* Material supplied
==================================================
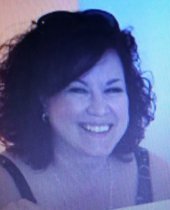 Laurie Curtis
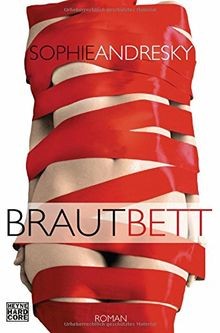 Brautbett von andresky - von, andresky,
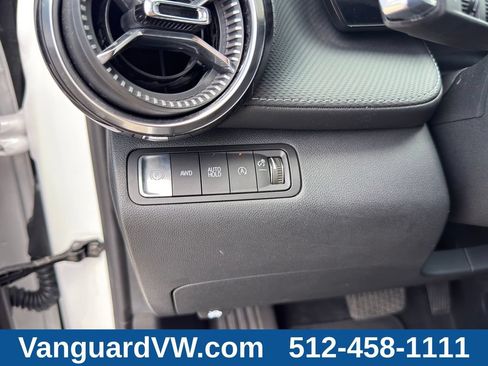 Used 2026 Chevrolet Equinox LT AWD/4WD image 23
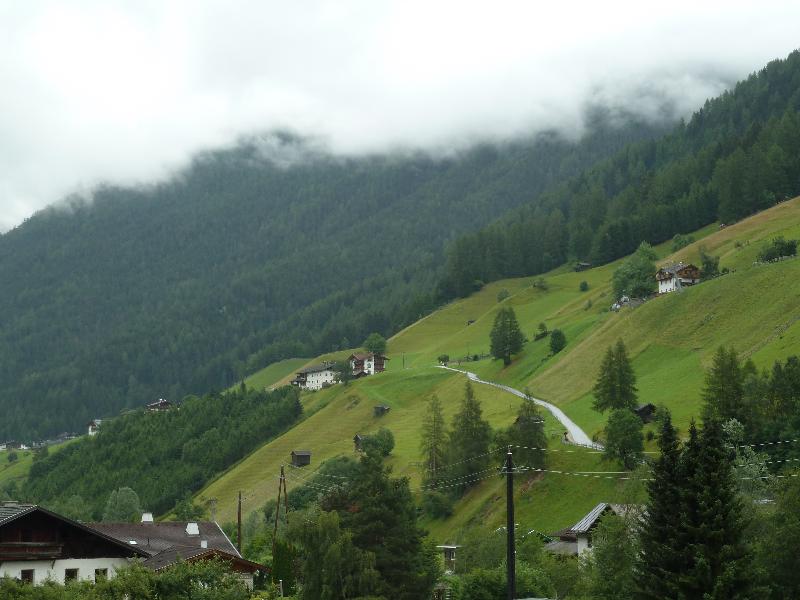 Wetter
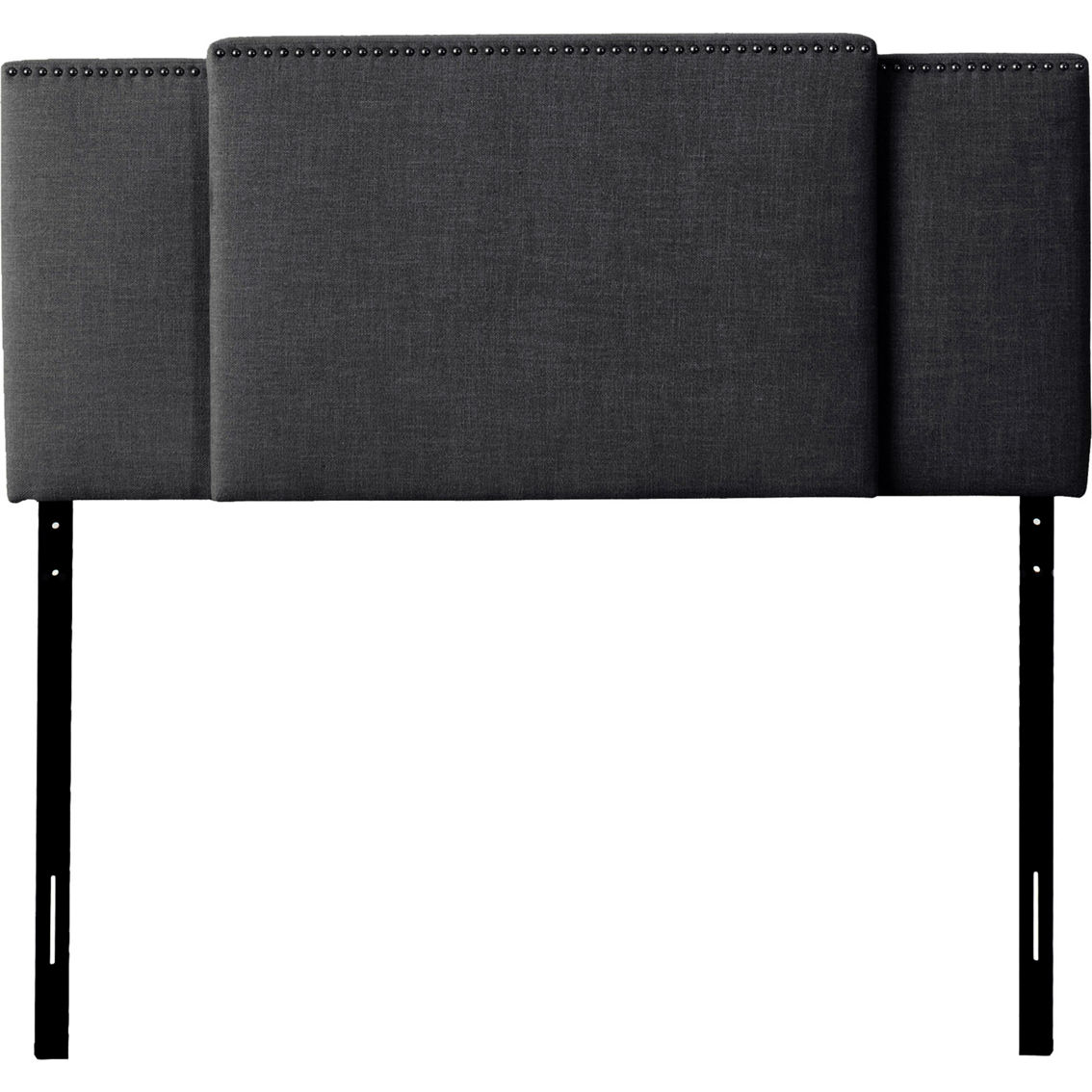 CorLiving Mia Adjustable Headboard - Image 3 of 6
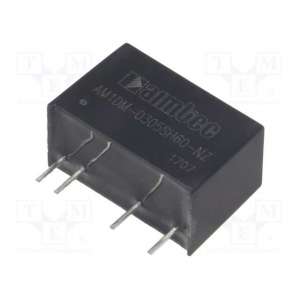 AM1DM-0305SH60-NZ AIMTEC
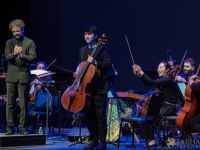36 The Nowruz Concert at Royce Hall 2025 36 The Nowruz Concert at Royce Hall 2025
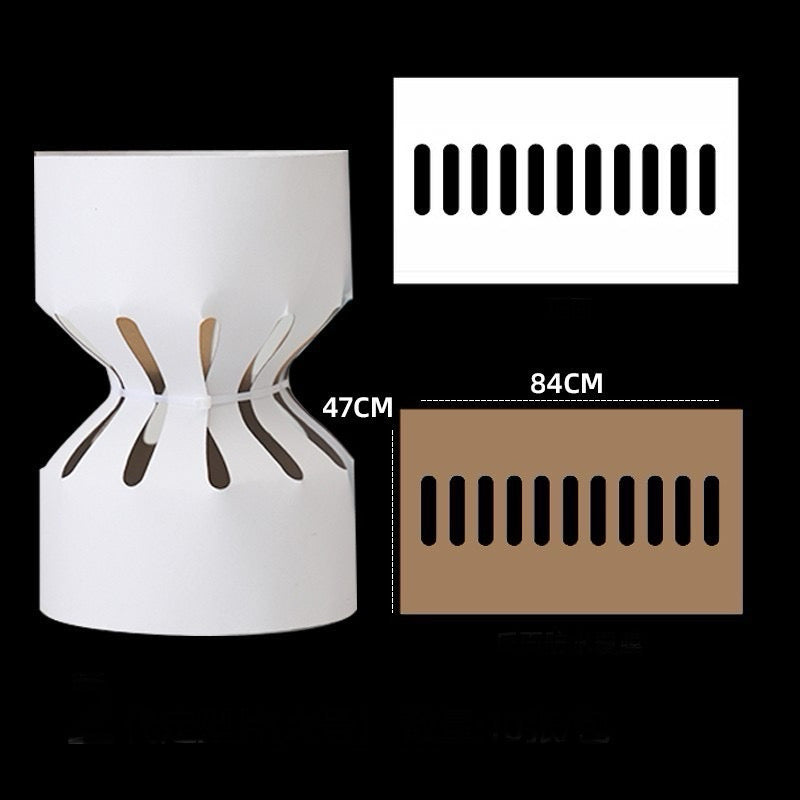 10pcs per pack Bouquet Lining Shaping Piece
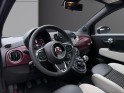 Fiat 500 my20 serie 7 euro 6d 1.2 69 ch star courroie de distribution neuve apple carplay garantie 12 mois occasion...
==================================================
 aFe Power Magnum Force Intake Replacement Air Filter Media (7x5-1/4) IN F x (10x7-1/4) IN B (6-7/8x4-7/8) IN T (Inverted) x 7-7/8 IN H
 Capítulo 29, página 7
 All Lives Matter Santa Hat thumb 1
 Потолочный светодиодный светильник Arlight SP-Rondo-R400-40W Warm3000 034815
==================================================
* Required action
Restate word for word only the lines above from the line containing "All Lives Matter Santa Hat thumb 1" to the line containing "Потолочный светодиодный светильник", both of them included.

* Solution to this task
 All Lives Matter Santa Hat thumb 1
 Потолочный светодиодный светильник Arlight SP-Rondo-R400-40W Warm3000 034815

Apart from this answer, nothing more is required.